You can also force a rebalance manually:

kafka-leader-election.sh \
  --bootstrap-server localhost:9092 \
  --election-type PREFERRED \
  --all-topic-partitions

Output:

Successfully completed leader election (PREFERRED) for partitions orders-0, orders-1, payments-0

Unclean leader election: availability vs durability

The most consequential setting in this area is unclean.leader.election.enable. Normally Kafka only elects a leader from the ISR. But what if every in-sync replica is down and only a stale, out-of-sync replica remains? You face a choice:

Setting	Behavior when no ISR is available	Trade-off
`unclean.leader.election.enable=false` (default)	Partition stays offline until an in-sync replica returns	Durability first — no committed data is lost, but the partition is unavailable
`unclean.leader.election.enable=true`	An out-of-sync replica is promoted to leader	Availability first — the partition recovers immediately, but records the old leader had committed are permanently lost and offsets may be truncated

The default is false, and for most production data you should keep it that way:

unclean.leader.election.enable=false

Enabling unclean election can cause silent data loss and offset truncation, which can confuse consumers that had already advanced past those offsets. Only enable it for topics where availability strictly outranks correctness — for example, ephemeral metrics or logs you can afford to drop.

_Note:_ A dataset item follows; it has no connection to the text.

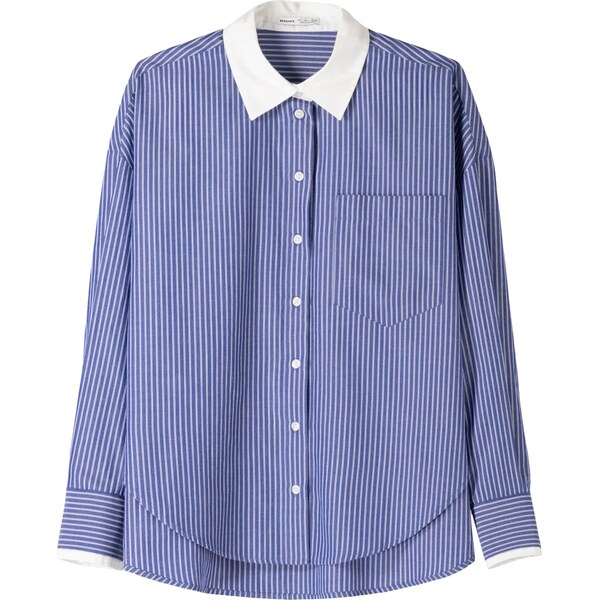 Bershka Blúzka modrá / dymovo modrá 63151822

You can override it per topic for fine-grained control:

kafka-configs.sh --bootstrap-server localhost:9092 \
  --entity-type topics --entity-name metrics-firehose \
  --alter --add-config unclean.leader.election.enable=true

Observing elections from a client

Clients react to leadership changes transparently by refreshing metadata, but you can tune how aggressively a producer retries during the brief window when a partition has no leader:

Properties props = new Properties();
props.put(ProducerConfig.BOOTSTRAP_SERVERS_CONFIG, "localhost:9092");
props.put(ProducerConfig.KEY_SERIALIZER_CLASS_CONFIG,
        "org.apache.kafka.common.serialization.StringSerializer");
props.put(ProducerConfig.VALUE_SERIALIZER_CLASS_CONFIG,
        "org.apache.kafka.common.serialization.StringSerializer");
// Wait for all in-sync replicas to acknowledge — required
// if you want acks to mean "committed" across elections
props.put(ProducerConfig.ACKS_CONFIG, "all");
// Retry transparently while a new leader is being elected
props.put(ProducerConfig.RETRIES_CONFIG, Integer.MAX_VALUE);
props.put(ProducerConfig.DELIVERY_TIMEOUT_MS_CONFIG, 120_000);

try (KafkaProducer<String, String> producer = new KafkaProducer<>(props)) {
    producer.send(new ProducerRecord<>("orders", "order-42", "created"));
}

With acks=all and a healthy ISR, a clean election never loses an acknowledged record — the new leader already holds everything up to the high watermark.

Best Practices

Keep unclean.leader.election.enable=false for any topic carrying data you cannot afford to lose; only relax it deliberately per topic.
Set a replication factor of at least 3 and min.insync.replicas=2 so a single broker failure never leaves a partition without a safe leadership candidate.
Always produce with acks=all for durable topics so committed means “replicated to the full ISR” before and after an election.
Leave auto.leader.rebalance.enable=true so leadership returns to preferred replicas and load stays balanced after failovers.
Run preferred-leader rebalancing during low-traffic windows if your imbalance threshold is aggressive, since rebalancing briefly disrupts affected partitions.
Monitor UnderReplicatedPartitions, OfflinePartitionsCount, and the active controller count so you catch elections and shrinking ISRs before they become outages.